Records supplied:
..........
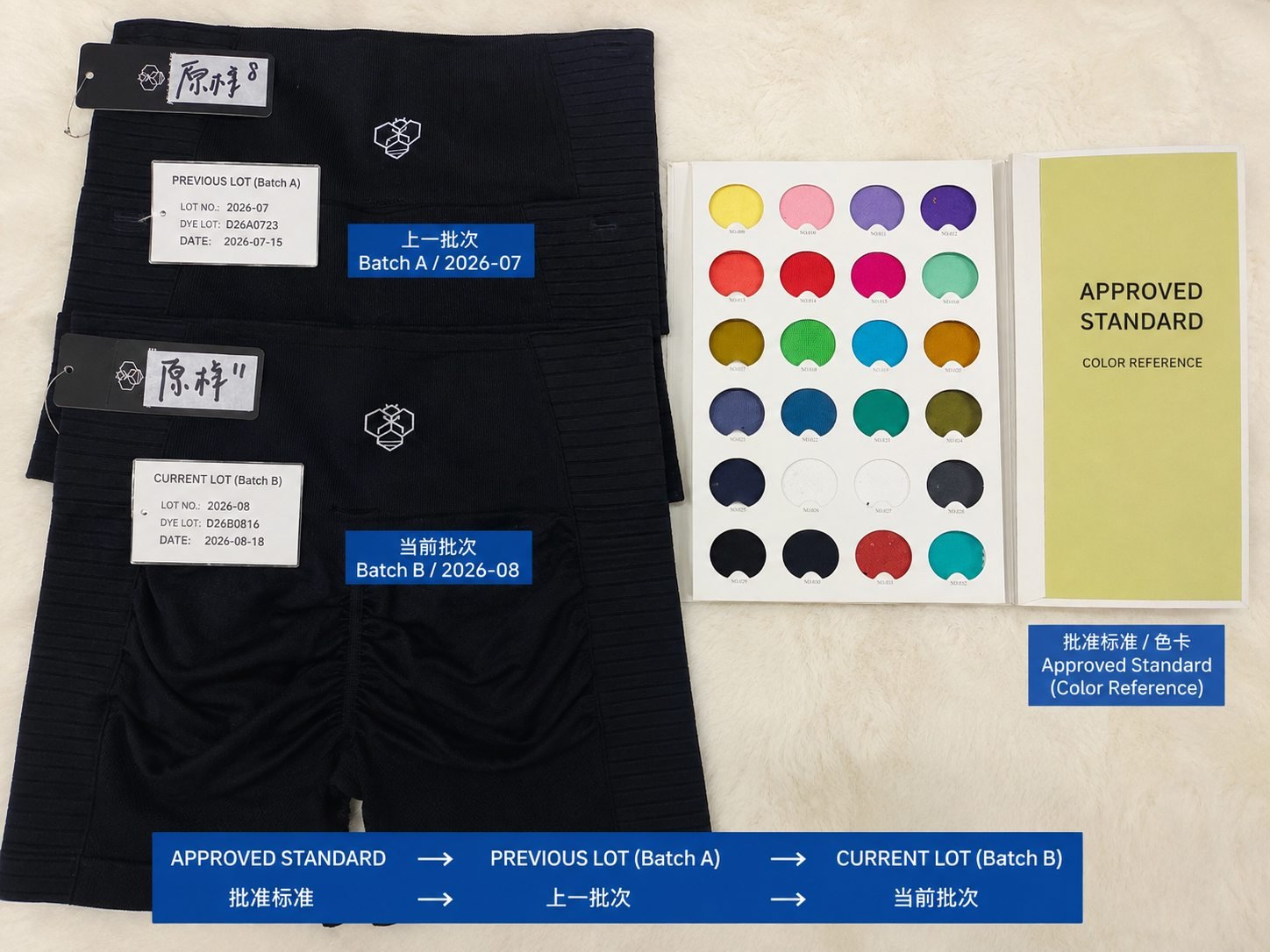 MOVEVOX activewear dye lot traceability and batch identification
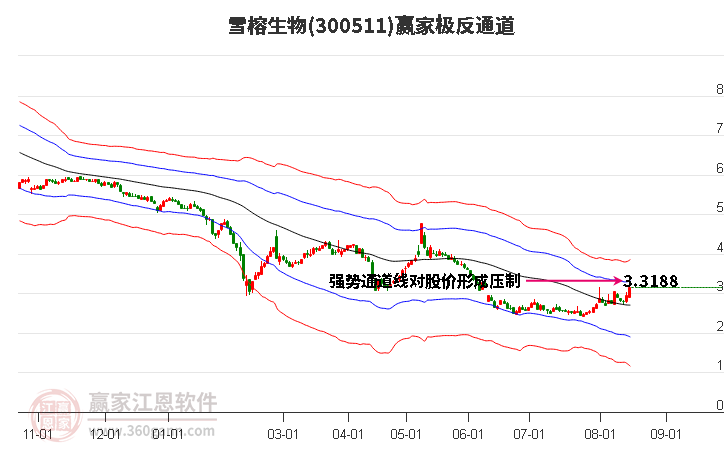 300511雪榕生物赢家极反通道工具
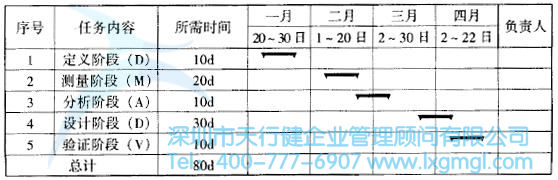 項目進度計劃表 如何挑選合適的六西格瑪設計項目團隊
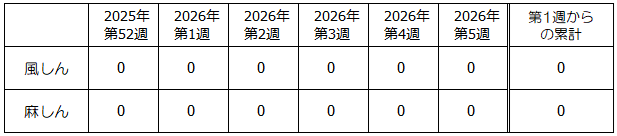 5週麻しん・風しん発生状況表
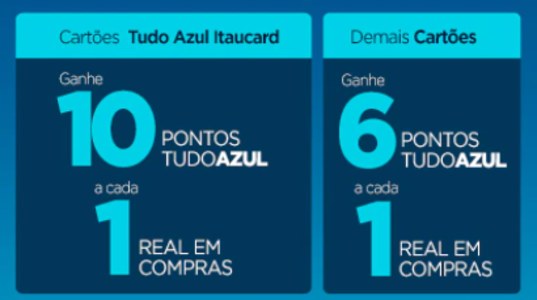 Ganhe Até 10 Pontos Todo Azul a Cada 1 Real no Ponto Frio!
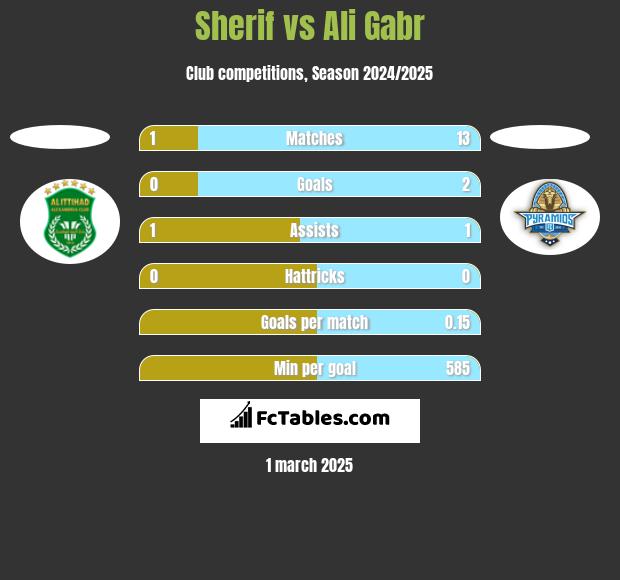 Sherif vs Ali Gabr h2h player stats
..........
Assignment:
Please restate the entries word for word. Skip the pictures.

Reply:
 MOVEVOX activewear dye lot traceability and batch identification
 300511雪榕生物赢家极反通道工具
 項目進度計劃表 如何挑選合適的六西格瑪設計項目團隊
 5週麻しん・風しん発生状況表
 Ganhe Até 10 Pontos Todo Azul a Cada 1 Real no Ponto Frio!
 Sherif vs Ali Gabr h2h player stats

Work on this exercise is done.